- **TASK PROMPT**:
Could the records be returned exactly, with the pictures left out?

Caption-style text data:
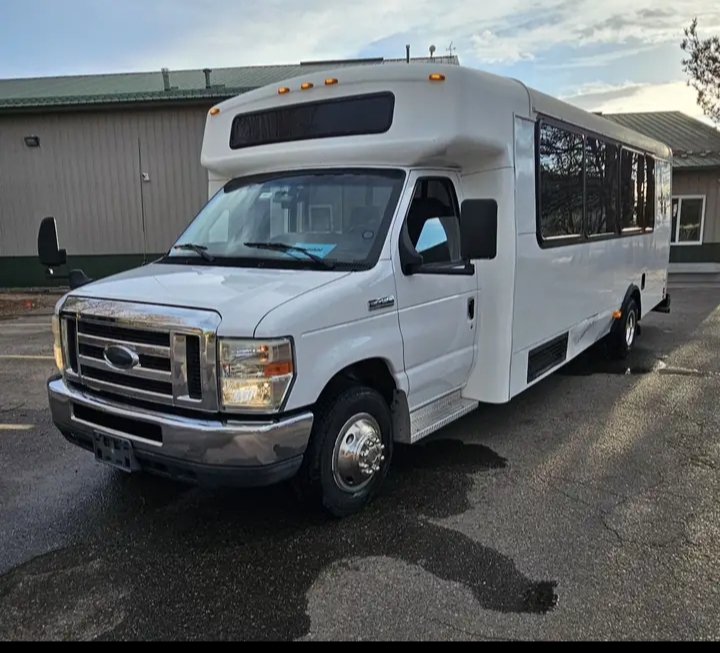 2015 Ford E-450 Shuttle Bus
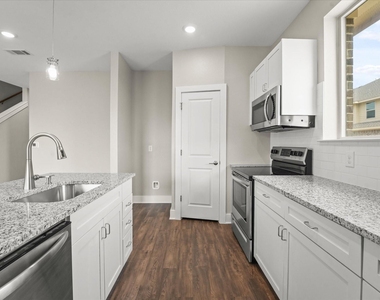 3620 Aaron Place - Photo Thumbnail 7
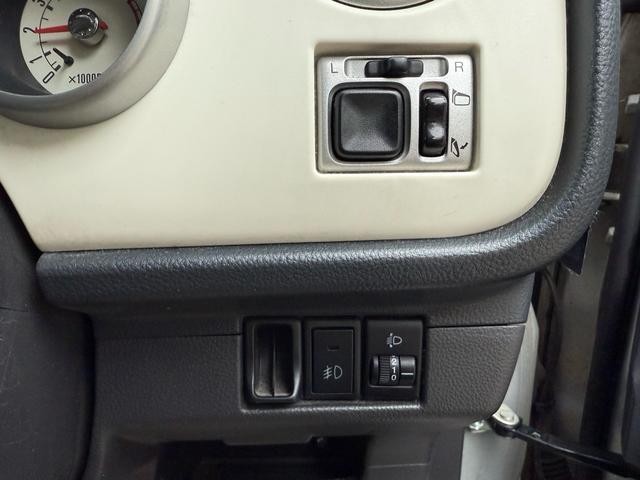 3000414A30250403W00416.jpg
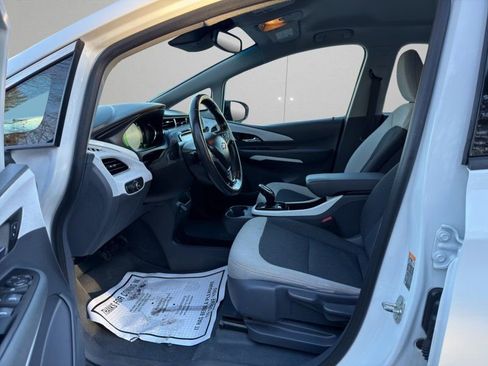 Used 2020 Chevrolet Bolt LT image 9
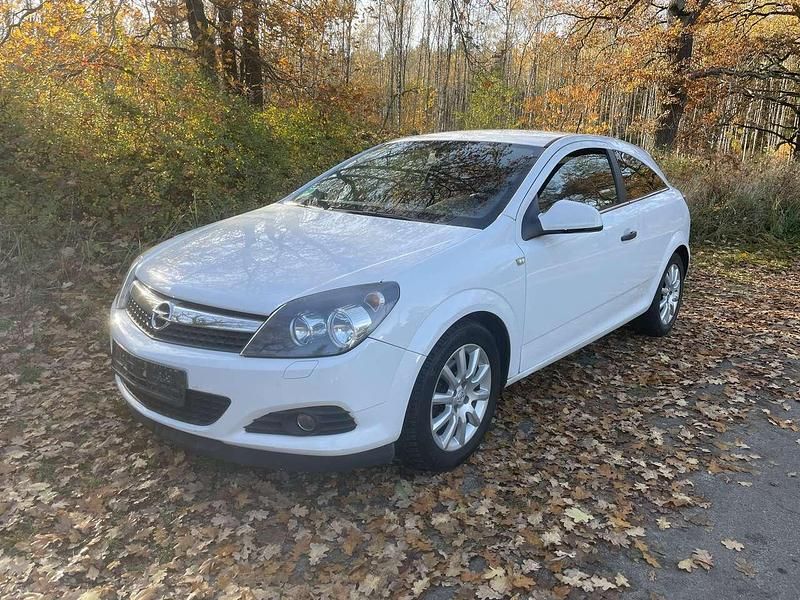 Weiß Gebraucht 2010 Opel Astra GTC Selection Limousine | 1.200 € (Superpreis) - Bild 1/4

- **EXPECTED ANSWER**:
 2015 Ford E-450 Shuttle Bus
 3620 Aaron Place - Photo Thumbnail 7
 3000414A30250403W00416.jpg
 Used 2020 Chevrolet Bolt LT image 9
 Weiß Gebraucht 2010 Opel Astra GTC Selection Limousine | 1.200 € (Superpreis) - Bild 1/4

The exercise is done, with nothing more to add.